Transcribe, word for word and without additions, each line below from the one containing "Layered Dress KENZO KIDS" through the one containing "DAMASK - 3 PC UNSTITCHED", both ends included.

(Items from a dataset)
· · · · · · ·
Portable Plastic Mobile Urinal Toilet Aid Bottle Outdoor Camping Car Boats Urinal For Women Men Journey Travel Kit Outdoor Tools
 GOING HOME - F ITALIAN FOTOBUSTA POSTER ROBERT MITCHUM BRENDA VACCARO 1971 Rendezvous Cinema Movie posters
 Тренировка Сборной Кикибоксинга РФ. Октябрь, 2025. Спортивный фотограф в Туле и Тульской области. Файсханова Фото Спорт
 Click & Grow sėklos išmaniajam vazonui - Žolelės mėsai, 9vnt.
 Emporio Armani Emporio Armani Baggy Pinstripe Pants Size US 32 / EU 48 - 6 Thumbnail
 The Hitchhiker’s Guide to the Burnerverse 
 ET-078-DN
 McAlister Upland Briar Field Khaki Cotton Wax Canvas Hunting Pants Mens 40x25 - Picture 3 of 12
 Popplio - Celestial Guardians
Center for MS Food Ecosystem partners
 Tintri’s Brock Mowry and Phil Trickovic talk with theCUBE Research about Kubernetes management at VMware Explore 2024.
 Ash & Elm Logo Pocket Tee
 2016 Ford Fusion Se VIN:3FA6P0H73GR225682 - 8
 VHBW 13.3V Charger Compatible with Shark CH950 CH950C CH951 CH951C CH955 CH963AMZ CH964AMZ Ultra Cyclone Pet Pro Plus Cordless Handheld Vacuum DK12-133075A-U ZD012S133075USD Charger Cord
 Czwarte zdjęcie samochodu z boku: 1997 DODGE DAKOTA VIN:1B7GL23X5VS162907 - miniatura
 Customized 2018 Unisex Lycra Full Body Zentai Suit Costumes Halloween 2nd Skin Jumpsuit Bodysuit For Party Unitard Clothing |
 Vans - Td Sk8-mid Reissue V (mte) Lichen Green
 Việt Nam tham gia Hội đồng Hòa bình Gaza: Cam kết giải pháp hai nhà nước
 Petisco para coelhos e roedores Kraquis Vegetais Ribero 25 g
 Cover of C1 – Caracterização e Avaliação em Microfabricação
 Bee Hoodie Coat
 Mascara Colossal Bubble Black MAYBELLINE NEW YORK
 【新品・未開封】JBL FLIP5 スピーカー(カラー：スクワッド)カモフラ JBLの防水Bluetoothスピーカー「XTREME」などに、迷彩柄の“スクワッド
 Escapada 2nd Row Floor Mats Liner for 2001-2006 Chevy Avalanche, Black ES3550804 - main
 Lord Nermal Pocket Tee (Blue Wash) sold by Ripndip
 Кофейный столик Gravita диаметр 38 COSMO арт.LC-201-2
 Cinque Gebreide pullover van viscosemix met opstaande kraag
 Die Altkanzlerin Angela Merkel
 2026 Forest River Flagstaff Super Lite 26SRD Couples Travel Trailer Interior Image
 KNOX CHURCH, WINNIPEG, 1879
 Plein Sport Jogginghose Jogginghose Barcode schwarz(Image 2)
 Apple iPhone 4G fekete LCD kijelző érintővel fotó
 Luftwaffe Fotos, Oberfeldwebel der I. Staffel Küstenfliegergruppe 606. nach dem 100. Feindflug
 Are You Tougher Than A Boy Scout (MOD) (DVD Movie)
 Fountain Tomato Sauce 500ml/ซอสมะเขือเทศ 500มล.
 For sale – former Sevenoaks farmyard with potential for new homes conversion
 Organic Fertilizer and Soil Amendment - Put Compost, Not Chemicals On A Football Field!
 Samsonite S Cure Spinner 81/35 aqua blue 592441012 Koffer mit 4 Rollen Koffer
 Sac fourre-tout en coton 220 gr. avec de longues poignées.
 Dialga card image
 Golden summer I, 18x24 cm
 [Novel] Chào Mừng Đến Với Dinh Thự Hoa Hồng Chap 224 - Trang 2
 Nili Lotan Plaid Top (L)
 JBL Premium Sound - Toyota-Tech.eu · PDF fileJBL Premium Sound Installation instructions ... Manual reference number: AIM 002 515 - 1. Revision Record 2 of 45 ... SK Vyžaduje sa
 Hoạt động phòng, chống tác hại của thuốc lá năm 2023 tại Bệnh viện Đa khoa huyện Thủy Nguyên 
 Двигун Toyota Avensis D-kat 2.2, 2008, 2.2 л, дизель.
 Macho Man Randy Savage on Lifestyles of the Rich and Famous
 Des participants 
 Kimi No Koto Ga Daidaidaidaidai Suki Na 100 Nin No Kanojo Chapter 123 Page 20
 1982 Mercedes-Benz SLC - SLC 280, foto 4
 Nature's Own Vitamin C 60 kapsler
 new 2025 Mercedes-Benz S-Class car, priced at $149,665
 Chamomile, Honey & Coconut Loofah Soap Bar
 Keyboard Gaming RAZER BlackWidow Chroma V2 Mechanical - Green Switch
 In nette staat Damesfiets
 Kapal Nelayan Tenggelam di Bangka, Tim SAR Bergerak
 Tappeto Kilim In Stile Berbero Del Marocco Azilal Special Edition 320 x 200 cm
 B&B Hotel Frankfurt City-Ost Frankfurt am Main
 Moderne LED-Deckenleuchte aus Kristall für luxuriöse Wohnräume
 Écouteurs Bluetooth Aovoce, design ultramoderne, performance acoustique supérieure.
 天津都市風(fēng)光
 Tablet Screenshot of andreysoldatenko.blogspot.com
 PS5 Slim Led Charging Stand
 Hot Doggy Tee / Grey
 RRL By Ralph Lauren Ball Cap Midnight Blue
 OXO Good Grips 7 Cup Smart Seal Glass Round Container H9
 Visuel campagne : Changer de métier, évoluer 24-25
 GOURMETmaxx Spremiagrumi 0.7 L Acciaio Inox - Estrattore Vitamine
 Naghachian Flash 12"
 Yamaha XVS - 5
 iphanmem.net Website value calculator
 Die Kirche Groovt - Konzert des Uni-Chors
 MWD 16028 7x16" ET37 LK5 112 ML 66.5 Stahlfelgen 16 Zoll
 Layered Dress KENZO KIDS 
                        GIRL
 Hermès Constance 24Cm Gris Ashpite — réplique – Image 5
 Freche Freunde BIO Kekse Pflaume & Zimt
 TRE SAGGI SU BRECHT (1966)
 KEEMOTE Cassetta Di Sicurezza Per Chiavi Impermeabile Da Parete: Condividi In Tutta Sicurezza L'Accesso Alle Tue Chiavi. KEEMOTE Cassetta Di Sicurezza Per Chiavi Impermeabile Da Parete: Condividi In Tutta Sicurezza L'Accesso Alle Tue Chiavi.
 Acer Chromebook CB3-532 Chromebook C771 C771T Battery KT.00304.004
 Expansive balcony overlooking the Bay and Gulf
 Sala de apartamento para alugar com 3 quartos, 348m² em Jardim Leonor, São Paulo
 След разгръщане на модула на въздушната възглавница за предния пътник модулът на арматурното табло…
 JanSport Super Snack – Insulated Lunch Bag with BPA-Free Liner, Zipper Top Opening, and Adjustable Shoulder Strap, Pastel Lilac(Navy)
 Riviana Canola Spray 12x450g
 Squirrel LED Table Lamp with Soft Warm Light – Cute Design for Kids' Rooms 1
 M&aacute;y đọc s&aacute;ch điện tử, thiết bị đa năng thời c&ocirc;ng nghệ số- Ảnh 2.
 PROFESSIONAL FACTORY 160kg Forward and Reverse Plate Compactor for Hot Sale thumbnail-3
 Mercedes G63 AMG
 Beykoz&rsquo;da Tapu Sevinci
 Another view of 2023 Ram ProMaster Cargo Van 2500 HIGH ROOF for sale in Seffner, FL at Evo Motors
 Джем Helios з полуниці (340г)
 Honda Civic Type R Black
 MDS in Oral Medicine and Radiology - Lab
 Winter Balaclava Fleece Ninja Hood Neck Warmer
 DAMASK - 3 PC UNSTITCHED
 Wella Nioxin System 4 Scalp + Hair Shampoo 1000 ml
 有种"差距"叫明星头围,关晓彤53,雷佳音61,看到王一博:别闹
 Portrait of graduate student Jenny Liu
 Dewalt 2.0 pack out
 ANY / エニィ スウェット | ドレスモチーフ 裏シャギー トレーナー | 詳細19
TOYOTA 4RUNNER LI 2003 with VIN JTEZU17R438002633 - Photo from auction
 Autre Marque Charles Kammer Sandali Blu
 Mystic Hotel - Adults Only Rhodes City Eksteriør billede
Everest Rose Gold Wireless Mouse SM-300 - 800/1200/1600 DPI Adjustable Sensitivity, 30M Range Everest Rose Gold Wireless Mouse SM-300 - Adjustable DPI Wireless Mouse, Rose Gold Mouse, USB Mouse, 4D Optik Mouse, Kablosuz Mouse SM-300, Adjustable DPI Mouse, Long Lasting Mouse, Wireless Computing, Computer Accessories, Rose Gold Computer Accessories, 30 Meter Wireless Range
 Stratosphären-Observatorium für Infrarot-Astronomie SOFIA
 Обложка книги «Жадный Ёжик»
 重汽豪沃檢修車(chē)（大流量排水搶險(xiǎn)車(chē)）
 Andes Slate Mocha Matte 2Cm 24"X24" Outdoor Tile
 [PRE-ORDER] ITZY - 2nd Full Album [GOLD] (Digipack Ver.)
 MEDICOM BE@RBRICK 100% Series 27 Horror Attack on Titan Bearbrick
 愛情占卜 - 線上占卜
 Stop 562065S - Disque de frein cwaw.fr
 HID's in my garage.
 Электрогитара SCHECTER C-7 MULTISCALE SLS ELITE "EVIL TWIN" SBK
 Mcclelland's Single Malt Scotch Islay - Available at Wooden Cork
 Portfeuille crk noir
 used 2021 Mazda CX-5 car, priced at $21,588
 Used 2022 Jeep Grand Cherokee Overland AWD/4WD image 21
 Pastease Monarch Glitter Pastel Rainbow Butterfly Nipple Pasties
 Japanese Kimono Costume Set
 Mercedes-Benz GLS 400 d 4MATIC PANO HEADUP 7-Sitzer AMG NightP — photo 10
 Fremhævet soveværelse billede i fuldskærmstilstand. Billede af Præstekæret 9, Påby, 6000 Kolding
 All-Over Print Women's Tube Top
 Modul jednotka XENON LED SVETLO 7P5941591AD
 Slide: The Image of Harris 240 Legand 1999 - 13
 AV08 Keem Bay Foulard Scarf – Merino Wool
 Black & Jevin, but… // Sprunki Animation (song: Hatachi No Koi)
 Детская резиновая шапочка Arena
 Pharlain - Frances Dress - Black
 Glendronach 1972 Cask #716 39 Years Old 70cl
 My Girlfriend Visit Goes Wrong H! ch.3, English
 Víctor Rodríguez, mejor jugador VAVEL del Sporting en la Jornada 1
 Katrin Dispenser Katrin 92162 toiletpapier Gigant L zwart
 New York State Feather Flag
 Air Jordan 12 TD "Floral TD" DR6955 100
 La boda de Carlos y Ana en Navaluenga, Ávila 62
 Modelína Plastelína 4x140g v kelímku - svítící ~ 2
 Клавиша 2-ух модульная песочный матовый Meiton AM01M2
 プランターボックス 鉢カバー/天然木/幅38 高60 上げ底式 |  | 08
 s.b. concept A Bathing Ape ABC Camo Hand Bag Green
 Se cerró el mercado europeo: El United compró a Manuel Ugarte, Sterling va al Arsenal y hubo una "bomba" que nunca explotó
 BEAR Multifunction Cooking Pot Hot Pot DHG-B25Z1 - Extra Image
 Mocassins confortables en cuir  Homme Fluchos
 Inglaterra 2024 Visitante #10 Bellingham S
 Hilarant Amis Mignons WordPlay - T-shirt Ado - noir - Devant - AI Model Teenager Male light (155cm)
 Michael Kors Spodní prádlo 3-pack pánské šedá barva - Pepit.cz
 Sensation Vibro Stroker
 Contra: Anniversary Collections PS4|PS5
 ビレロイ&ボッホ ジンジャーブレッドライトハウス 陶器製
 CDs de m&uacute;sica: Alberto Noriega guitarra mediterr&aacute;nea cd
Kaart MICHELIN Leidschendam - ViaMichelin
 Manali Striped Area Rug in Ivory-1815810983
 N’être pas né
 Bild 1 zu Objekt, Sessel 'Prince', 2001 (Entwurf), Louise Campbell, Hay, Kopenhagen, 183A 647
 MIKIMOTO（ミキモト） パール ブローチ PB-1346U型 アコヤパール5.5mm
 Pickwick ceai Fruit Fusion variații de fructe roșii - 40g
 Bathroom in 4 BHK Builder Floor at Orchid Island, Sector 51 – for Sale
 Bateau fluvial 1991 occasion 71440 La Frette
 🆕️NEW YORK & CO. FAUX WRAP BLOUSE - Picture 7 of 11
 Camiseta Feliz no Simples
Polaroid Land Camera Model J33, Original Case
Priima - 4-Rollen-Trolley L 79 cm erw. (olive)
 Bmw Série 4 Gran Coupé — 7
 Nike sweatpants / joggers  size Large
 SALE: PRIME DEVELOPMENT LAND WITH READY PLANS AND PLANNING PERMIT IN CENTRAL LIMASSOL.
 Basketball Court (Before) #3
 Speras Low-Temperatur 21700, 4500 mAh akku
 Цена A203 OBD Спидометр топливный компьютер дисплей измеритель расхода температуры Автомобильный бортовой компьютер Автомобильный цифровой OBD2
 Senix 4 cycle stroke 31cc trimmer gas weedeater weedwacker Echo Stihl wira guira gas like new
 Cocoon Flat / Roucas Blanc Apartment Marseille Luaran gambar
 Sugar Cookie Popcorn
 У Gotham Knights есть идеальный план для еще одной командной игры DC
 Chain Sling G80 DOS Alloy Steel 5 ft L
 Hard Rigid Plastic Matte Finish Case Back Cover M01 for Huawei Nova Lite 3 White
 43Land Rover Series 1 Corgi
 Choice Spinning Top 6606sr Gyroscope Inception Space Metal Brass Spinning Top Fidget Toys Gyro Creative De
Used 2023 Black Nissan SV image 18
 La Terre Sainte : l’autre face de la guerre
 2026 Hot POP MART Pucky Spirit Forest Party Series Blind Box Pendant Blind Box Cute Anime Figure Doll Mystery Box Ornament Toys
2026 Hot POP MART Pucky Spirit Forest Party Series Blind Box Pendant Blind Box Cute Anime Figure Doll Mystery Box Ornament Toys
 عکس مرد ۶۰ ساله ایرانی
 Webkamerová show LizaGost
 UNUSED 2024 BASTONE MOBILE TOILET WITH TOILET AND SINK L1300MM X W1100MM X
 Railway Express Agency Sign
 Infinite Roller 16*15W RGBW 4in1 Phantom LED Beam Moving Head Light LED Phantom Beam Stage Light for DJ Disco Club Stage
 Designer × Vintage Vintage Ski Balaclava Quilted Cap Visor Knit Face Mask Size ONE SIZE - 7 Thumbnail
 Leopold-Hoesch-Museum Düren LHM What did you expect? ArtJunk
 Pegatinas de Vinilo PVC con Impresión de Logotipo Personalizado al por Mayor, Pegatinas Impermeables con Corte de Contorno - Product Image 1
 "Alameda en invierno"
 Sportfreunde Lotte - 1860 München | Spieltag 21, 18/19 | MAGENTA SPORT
· · · · · · ·
ANSWER FOR THE TASK:
 Layered Dress KENZO KIDS 
                        GIRL
 Hermès Constance 24Cm Gris Ashpite — réplique – Image 5
 Freche Freunde BIO Kekse Pflaume & Zimt
 TRE SAGGI SU BRECHT (1966)
 KEEMOTE Cassetta Di Sicurezza Per Chiavi Impermeabile Da Parete: Condividi In Tutta Sicurezza L'Accesso Alle Tue Chiavi. KEEMOTE Cassetta Di Sicurezza Per Chiavi Impermeabile Da Parete: Condividi In Tutta Sicurezza L'Accesso Alle Tue Chiavi.
 Acer Chromebook CB3-532 Chromebook C771 C771T Battery KT.00304.004
 Expansive balcony overlooking the Bay and Gulf
 Sala de apartamento para alugar com 3 quartos, 348m² em Jardim Leonor, São Paulo
 След разгръщане на модула на въздушната възглавница за предния пътник модулът на арматурното табло…
 JanSport Super Snack – Insulated Lunch Bag with BPA-Free Liner, Zipper Top Opening, and Adjustable Shoulder Strap, Pastel Lilac(Navy)
 Riviana Canola Spray 12x450g
 Squirrel LED Table Lamp with Soft Warm Light – Cute Design for Kids' Rooms 1
 M&aacute;y đọc s&aacute;ch điện tử, thiết bị đa năng thời c&ocirc;ng nghệ số- Ảnh 2.
 PROFESSIONAL FACTORY 160kg Forward and Reverse Plate Compactor for Hot Sale thumbnail-3
 Mercedes G63 AMG
 Beykoz&rsquo;da Tapu Sevinci
 Another view of 2023 Ram ProMaster Cargo Van 2500 HIGH ROOF for sale in Seffner, FL at Evo Motors
 Джем Helios з полуниці (340г)
 Honda Civic Type R Black
 MDS in Oral Medicine and Radiology - Lab
 Winter Balaclava Fleece Ninja Hood Neck Warmer
 DAMASK - 3 PC UNSTITCHED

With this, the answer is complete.